TASK STATEMENT = Would you restate the listing word for word, with the images omitted?

DATA EXCERPT =
══════════════════════════════

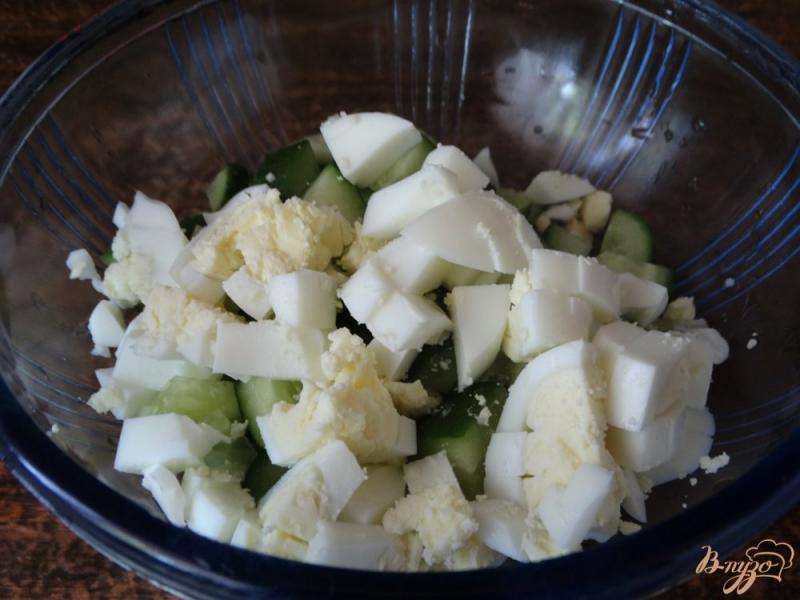 Фото приготовление рецепта: Салат с яйцом и зеленым сыром шаг №2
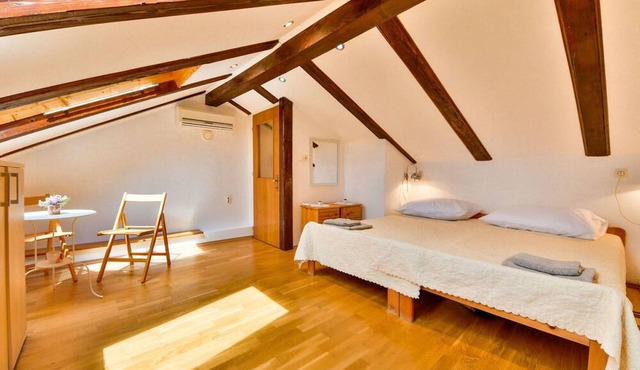 Beautiful villa for 4 guests with A/C, WIFI, TV, terrace and parking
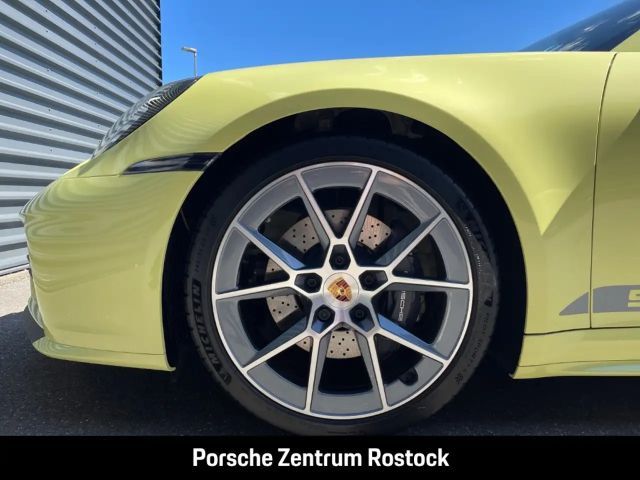 Porsche 992 Carrera Coupé Turbo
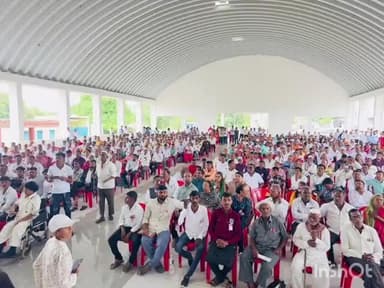 पारनेर: निलेश लंके अपंग कल्याणकारी प्रतिष्ठान यांच्या संयुक्त विद्यमाने राज्यस्तरीय दिव्यांग वधू-वर परिचय मेळाव्याचे आयोजन केल.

══════════════════════════════

ANSWER BOX =
 Фото приготовление рецепта: Салат с яйцом и зеленым сыром шаг №2
 Beautiful villa for 4 guests with A/C, WIFI, TV, terrace and parking
 Porsche 992 Carrera Coupé Turbo
 पारनेर: निलेश लंके अपंग कल्याणकारी प्रतिष्ठान यांच्या संयुक्त विद्यमाने राज्यस्तरीय दिव्यांग वधू-वर परिचय मेळाव्याचे आयोजन केल.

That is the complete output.